Java Forum / General / November 2005
boolean endsWith(String s, Pattern pattern)
lepikhin@gmail.com - 07 Nov 2005 14:44 GMT Anybody hear about the
boolean endsWith(String s, Pattern pattern)
implementations?
lepikhin@gmail.com - 07 Nov 2005 14:46 GMT PS. I know about "something$"-like regexp
Roedy Green - 07 Nov 2005 15:43 GMT >boolean endsWith(String s, Pattern pattern) The source code for all the regex stuff is there for you to look at in src.zip.
IIRC it compiles Patterns to commands to a state machine interpreter, not byte code.
 Signature Canadian Mind Products, Roedy Green. http://mindprod.com Java custom programming, consulting and coaching.
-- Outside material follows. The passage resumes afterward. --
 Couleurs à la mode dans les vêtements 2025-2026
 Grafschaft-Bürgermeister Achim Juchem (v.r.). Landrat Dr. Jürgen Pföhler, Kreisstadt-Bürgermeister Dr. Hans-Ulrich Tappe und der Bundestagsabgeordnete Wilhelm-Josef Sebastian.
Rhino - 07 Nov 2005 18:53 GMT > Anybody hear about the > > boolean endsWith(String s, Pattern pattern) > > implementations? Since a boolean can only contain the boolean values 'true' and 'false', how could it possibly contain a String? Why would anyone write a method to search for Strings within a boolean?
Rhino
Roedy Green - 08 Nov 2005 04:14 GMT On Mon, 7 Nov 2005 13:53:09 -0500, "Rhino" <no.offline.contact.please@nospam.com> wrote, quoted or indirectly quoted someone who said :
>> boolean endsWith(String s, Pattern pattern) >> [quoted text clipped - 3 lines] >could it possibly contain a String? Why would anyone write a method to >search for Strings within a boolean? huh?
I think he is asking does string s end with given pattern yes or no.
he can't make it an instance method of String since String is final. He left out the word "static", though I suppose it could be implemented on some unrelated object.
 Signature Canadian Mind Products, Roedy Green. http://mindprod.com Java custom programming, consulting and coaching.
lepikhin@gmail.com - 08 Nov 2005 12:40 GMT > I think he is asking does string s end with given pattern yes or no. Yes. Sorry for ambiguous problem statement.
Probmlem with "something$"-like regexps is, that you need to look through the whole string. It's very slow.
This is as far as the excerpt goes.